Fashion designer Maria Grazia Chiuri, 53, who in 2016 became the first woman to serve as creative director for Dior, has revealed that she “didn’t really discover feminism” until she was “about 48.” Chiuri, who credits her awakening to her daughter, Raquele, made waves across the fashion world after she emblazoned We Should All Be Feminists, the title of Chimamanda Ngochi Adichie’s famous book, onto t-shirts at her first Dior show.
“I was brought up to think a woman could do anything she wanted. That was pre-Berlusconi. It was downhill for Italian women once he came into power. Total objectification,” said Chiuri. “For all those years I worked at Fendi, it never occurred to me to be vocal.

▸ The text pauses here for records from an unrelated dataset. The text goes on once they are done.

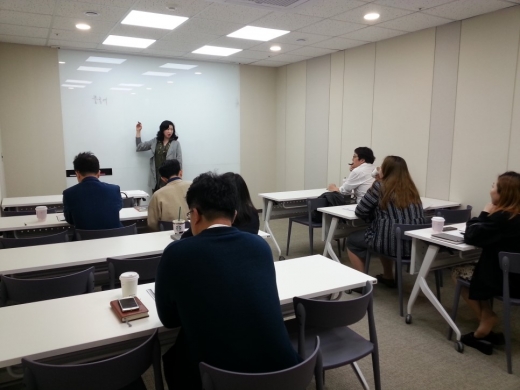 마곡 두산더랜드파크 내 커뮤니티 센터에서 강좌를 하는 모습. /사진=체스터톤스 코리아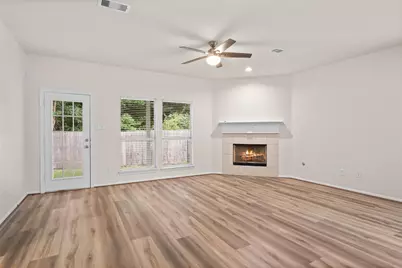 1069 Shadow Glenn Drive, Conroe, TX 77301 - Photo 6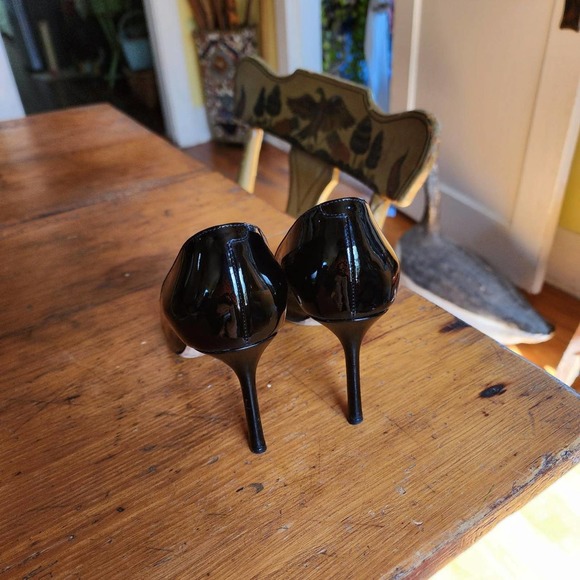 Jimmy choo patent leather heels - Picture 2 of 4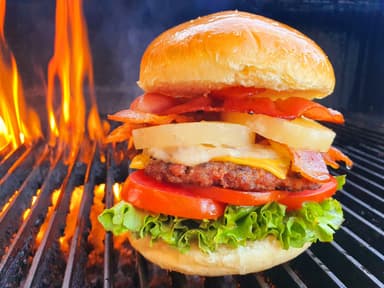 Hamburguesa Hawaiana con papas francesa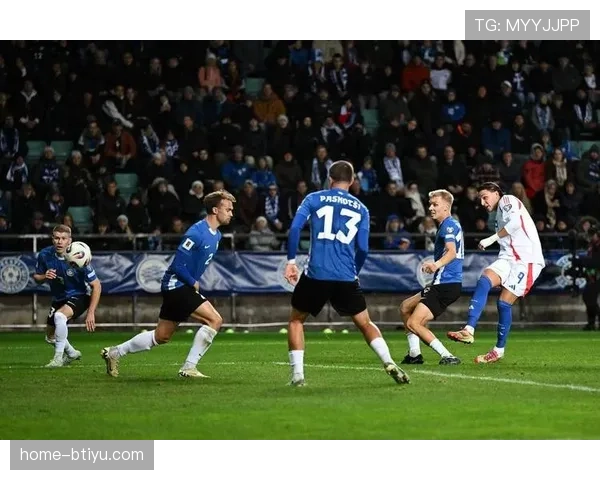 热刺阵容重构需求：中场出球点与后场出球型后卫成改造重点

It was such an amazing company — and entirely run by the five Fendi sisters. There didn’t seem any need to shout about feminism. I guess I had got very complacent, like a lot of my generation.”

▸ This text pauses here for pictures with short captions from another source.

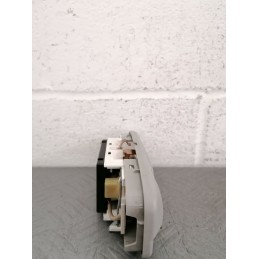 PLAFONIERA LUCE ABITACOLO ANT. CON SENSORE INTRUSIONE FORD FOCUS DEL 2006  2400000065425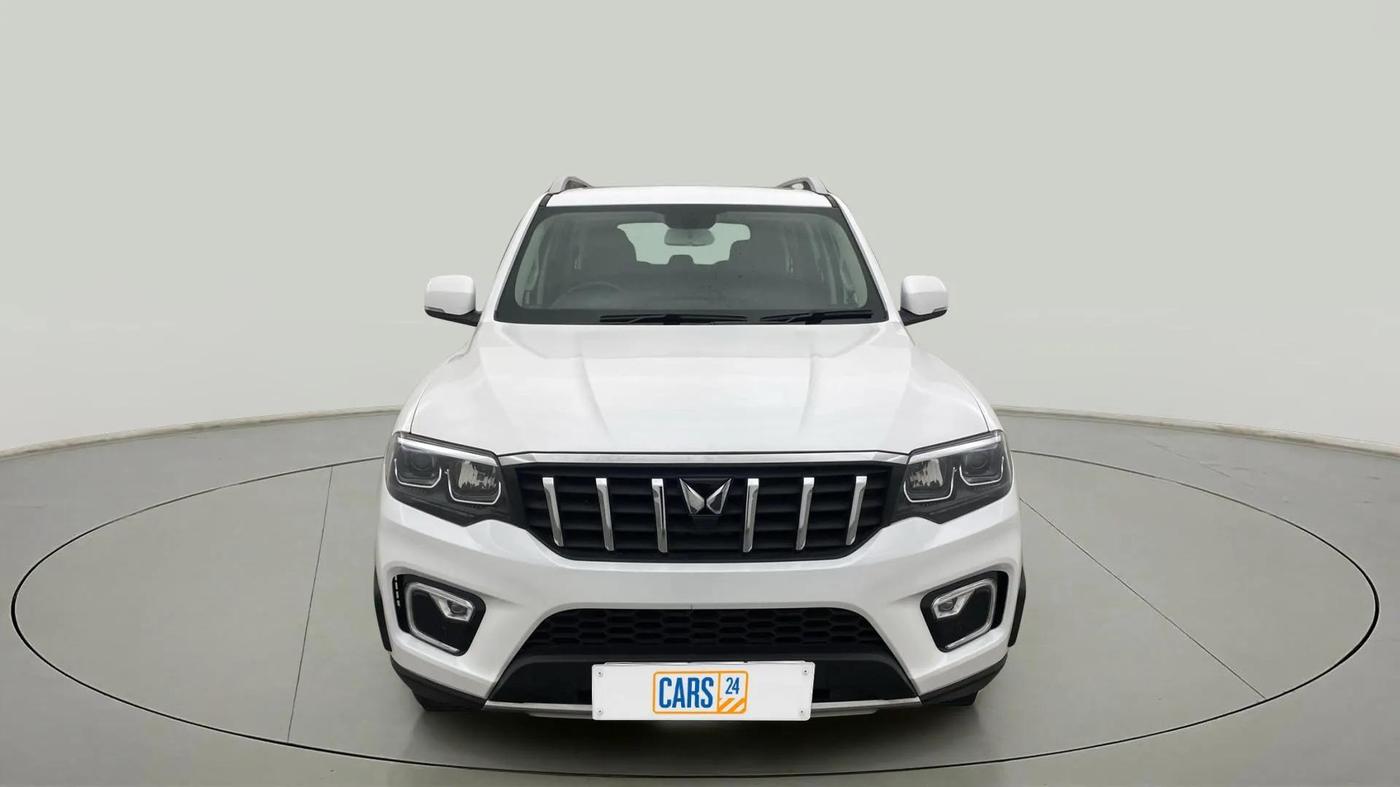 2024 Mahindra SCORPIO-N N Z8 S Petrol AT, Petrol, Automatic, 7,611 km, Front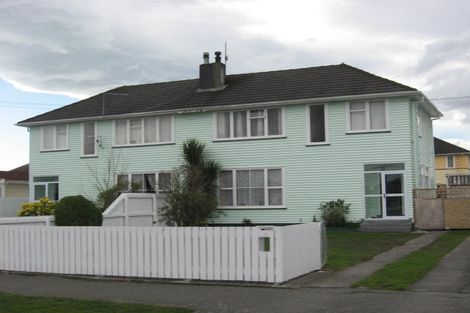 Photo of property in 29-31 Grant Crescent, Masterton, 5810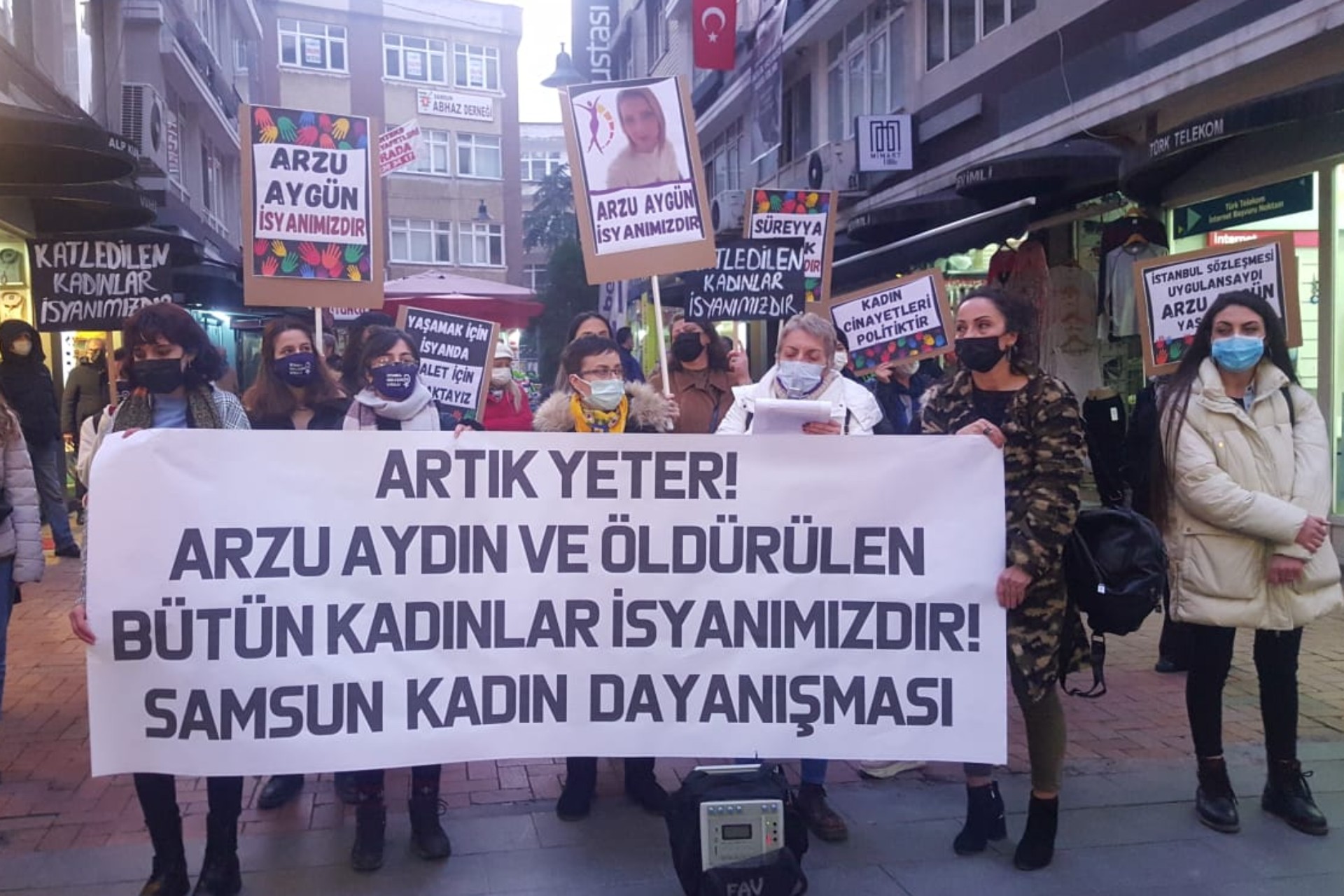 Samsun Kadın Dayanışması kadın cinayetlerine karşı eylem yaptı.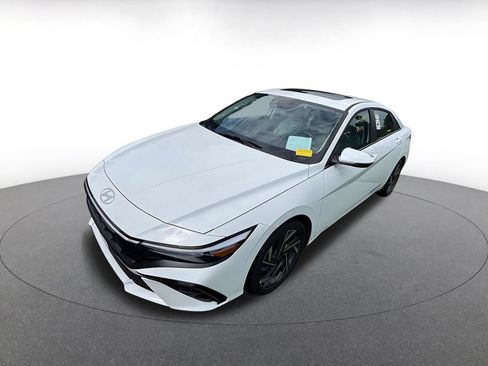 Used 2025 Hyundai Elantra Limited FWD image 3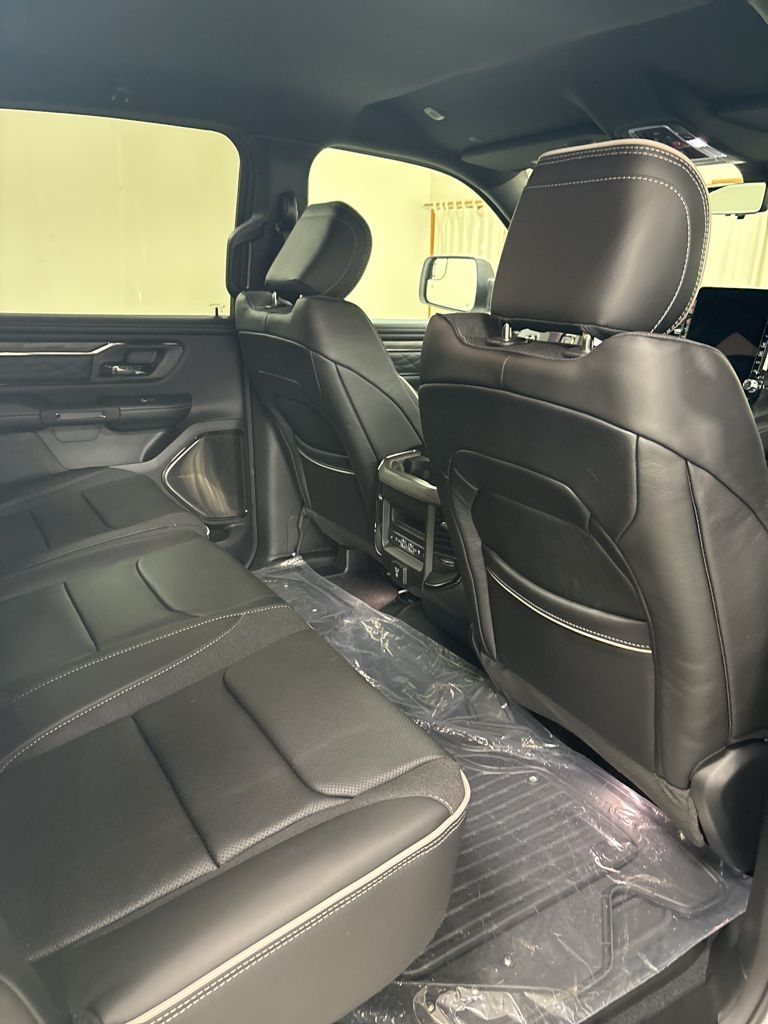 2026 RAM 1500 Limited - Photo 42
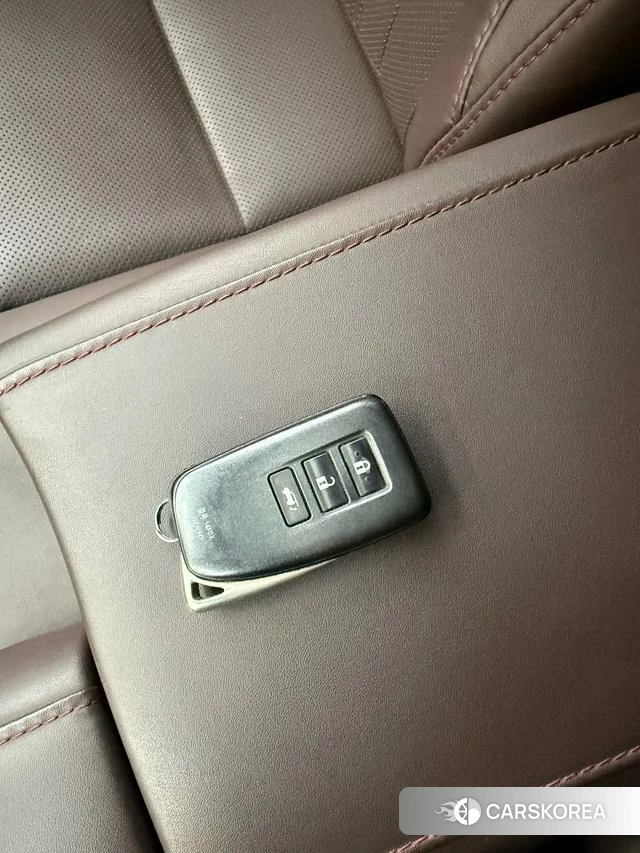 Lexus RX id 4210937 из Китая 8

“We’re so conditioned to think the most important thing is to please others, that we don’t always put ourselves forward,” she added. “You have to keep challenging your thinking. That’s the only way to change anything.”
Following her feminist awakening, Chiuri said she was further impacted by Trump’s election, and then the still ongoing #MeToo movement. In September 2017, she began rolling out another line of T-shirts — this time featuring the title to Linda Nochlin’s seminal 1971 essay, “Why Are There No Great Women Artists?” And while some critics have accused her of trying to profit off of a rising women’s movement, Chiuri says that “the message is more important than the label.”
“Honestly, this was not about making money,” she said. “Getting Sidney Toledano (Dior’s CEO) to agree to doing a T-shirt wasn’t easy. ‘Dior is not a T-shirt brand,’ I was told. All the profits have gone to charity.”